People often ask about the scale because they want to have a benchmark for how good their posts are doing. Facebook post quality score is probably not a good representative metric to base decisions.
- Difficult to use as benchmark
- Inconsistent scale
- Doesn’t impact you negatively or positively (yet)
Since it is based on a ratio of interactions vs. number of fans the numbers aren’t consistent from one post to the next. It is much easier to get a high post quality score if you have only few fans. Since you have so many fans it will be more difficult to get a high post quality score. While nobody knows what the highest possible post quality score is, it definitely goes to 1,000 at least. You could use this number to compare from one post to the next if the number of fans remains constant or you could pay attention to the trend over time.
Probably the most effective use of this metric would be to use it to determine which types of posts result in the most interaction. This might help to isolate particular themes or subjects that people respond to – when you find something that people seem to like try to replicate aspects or play on a similar theme in future correspondence. It would be difficult at this time to use the number as a true benchmark unless it was possible to compare it to the quality score of other posts maintaining consistent number of fans.
Currently Facebook does not use this score to help or hurt you although this might change in the future. (Google’s quality score, for instance, impacts how much you pay for advertising) The impact on quality score on Facebook PPC Advertising is going to be important to watch and will probably have a big impact on how successful their adserving becomes.

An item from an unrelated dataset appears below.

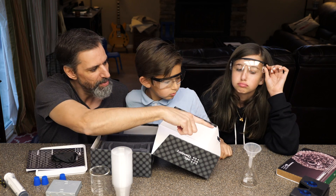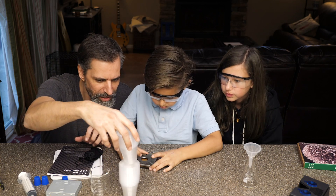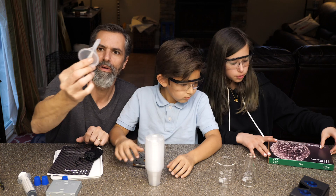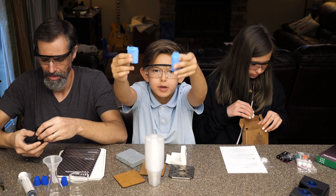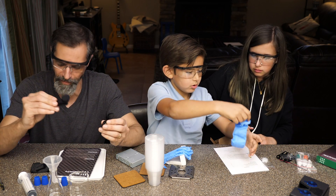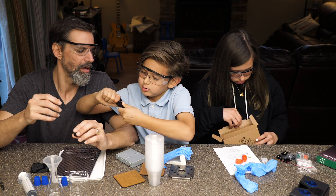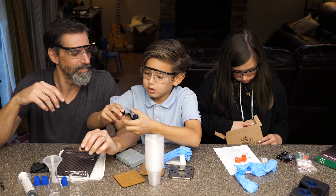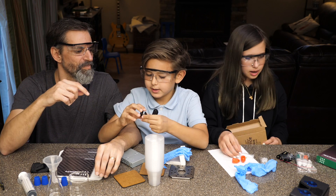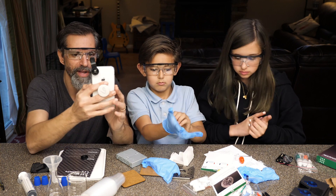We've got a bunch of these little cups, a beaker, and gloves. There's also zoom lenses — this snaps onto your phone. I just put this lens on my camera to see what it does. Whoa, it's like a crazy fish-eye.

Another thing that comes up is what do the stars mean – The number of stars is a factor of post quality compared to the post quality of pages with the same number of fans.
I frankly think that they didn’t think through this very much and that it will probably evolve to something more useful as time goes on.


{ 2 comments… read them below or add one }
Agreed, it will probably work more like Google quality score in the future.
It’s interesting because one of the things that currently makes Facebook advertising so hot is the the low cost per click. In general conversation people usually indicate that this is because there is not as much competition. It may very well be just a function of the lack of a Google style quality score mechanism. Quality score certainly makes it possible to charge more and boost revenue on a plausibly fair basis.